But the Department of Justice – the folks that can send SBF to prison – are charging very different things. They are charging a bunch of types of “fraud,” “conspiracy to commit fraud” and “conspiracy to commit money laundering.” Importantly, they are not alleging some sort of complex financial scheme to defraud – they are charging what likely amount to paperwork crimes regarding payments, obfuscation and mislabelling things.

While it is dangerous to make predictions about the future we are going to go ahead and lay out a version of the case for some of these charges. Once you read the law, watch a few YouTube interviews and listen to some podcasts, it is pretty clear SBF is going to get convicted for at least some of this because nearly-air-tight evidence of guilt has been sitting there in public for years.

The Law

The money laundering count specifically alleges violations of this and this. The key quotes are:

Whoever, knowing that the property involved in a financial transaction represents the proceeds of some form of unlawful activity, conducts or attempts to conduct such a financial transaction which in fact involves the proceeds of specified unlawful activity


Whoever, in any of the circumstances set forth in subsection (d), knowingly engages or attempts to engage in a monetary transaction in criminally derived property of a value greater than $10,000 and is derived from specified unlawful activity, shall be punished…

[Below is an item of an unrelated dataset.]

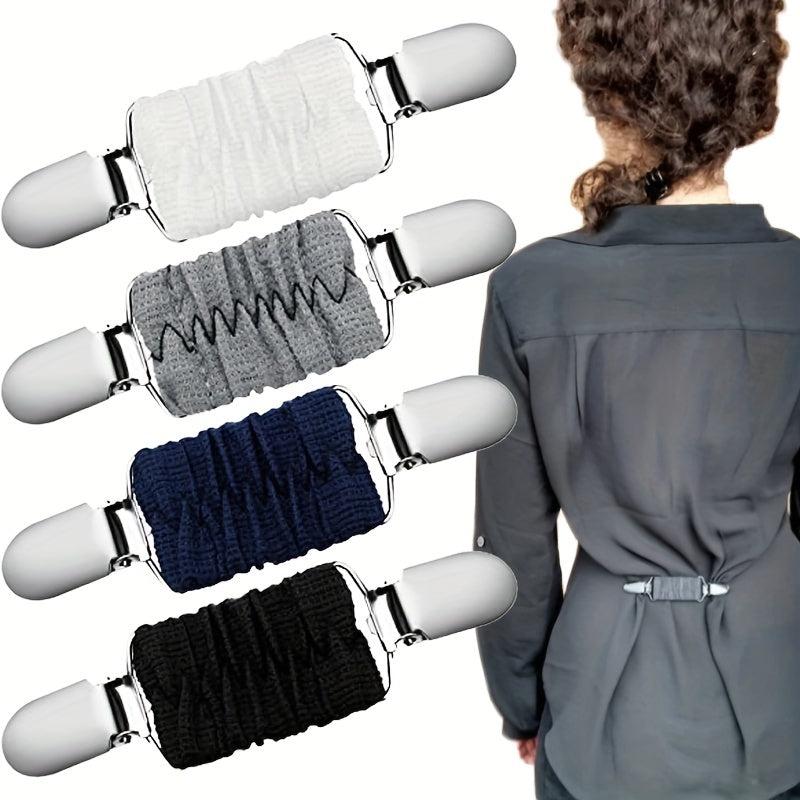 Elastic Clothes Clip Brooch Pins Sweater Shawl Cape Pins Decoration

And then we need to know that:

the term “knowing that the property involved in a financial transaction represents the proceeds of some form of unlawful activity” means that the person knew the property involved in the transaction represented proceeds from some form, though not necessarily which form, of activity that constitutes a felony under State, Federal, or foreign law

So it is illegal in the US to do much of anything in the bank transfer area if you know the money is related to crimes, even if those crimes were 100% foreign. You might have a defense if you had absolutely no idea the crimes happened and made some reasonable effort to check things out in advance. Or not. But if you knew there was a problem you’ve got one yourself.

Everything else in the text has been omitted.